Saxophonist Mindi Abair has taken a temporary break from her usual "smooth jazz" regimen to explore the golden age of R&B on her new CD, In Hi-Fi Stereo. The album is funkier and more soulful than anything Mindi has ever recorded.
Remember spinning records on an old hi-fi stereo and watching the needle sway back and forth in the grooves of the vinyl? Or, reading the liner notes printed on the back of album jackets while drum beats vibrated through the speaker's wiry mesh covers. Those long ago but not forgotten moments were the inspiration for Mindi Abair's quest to capture the glory days of funk and soul.
Born in St. Petersburg, Florida, Mindi inherited her musical skills from her father, a saxophonist and keyboard player in a '70s R&B band. "Between watching my father onstage and spending time with my grandmother who was an opera singer, music was always around me," she says.
Mindi first learned to play piano at age five, but switched to alto sax a few years later. Mindi's success in her high school marching band led to more serious training at the Berklee College of Music in Boston, where she earned a degree in woodwind performance.
Mindi relocated to Southern California and became a fixture on tours with Duran Duran, The Backstreet Boys and Mandy Moore. Her move into jazz came in 2003 with her first major label solo release, "It Just Happens That Way."

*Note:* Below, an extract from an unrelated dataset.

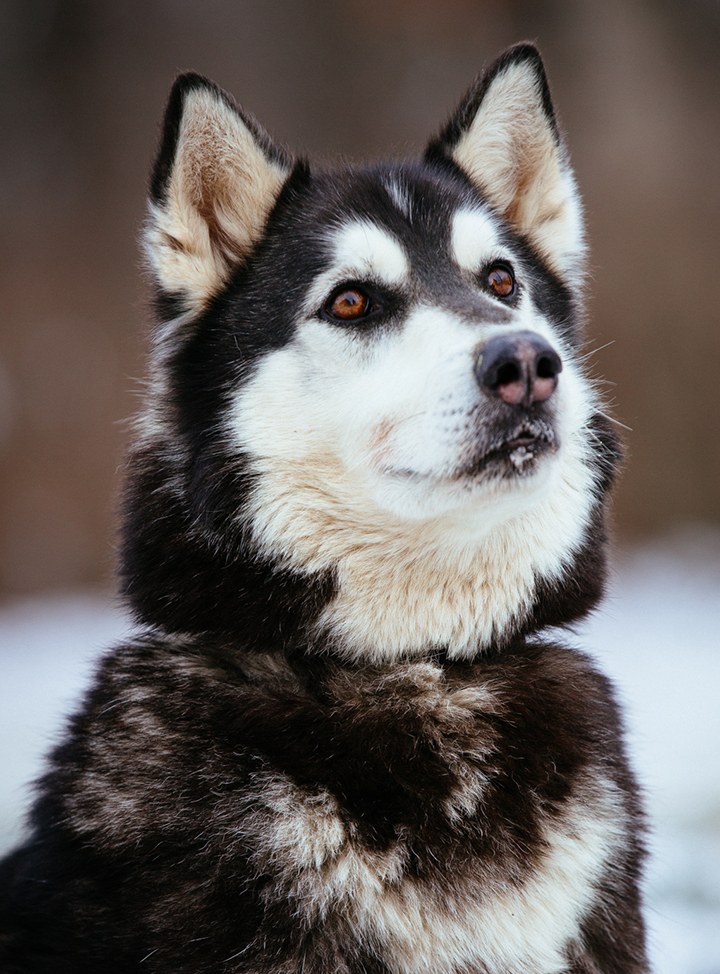 breakaway sled dogs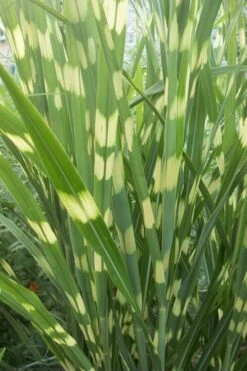 Zebra Grass - Miscanthus Sinensis 'Zebrinus' - 3 Gallon Pot -Plant Promotion Store Miscanthus Zebra Grass 500x750 1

For In Hi-Fi Stereo, Mindi admits that listening to the music of soul icons James Brown, Al Green, Junior Walker, and Archie Bell and The Drells gave her the idea to add funk and soul to her signature pop-jazz style. The outcome, she says, "is a fun, feel-good record inspired by some of those great sounds and grooves from that period."
Mindi composed all but two of the songs on the album, including a tune she describes as "a mix of old Motown and classic Ramsey Lewis", "All Star."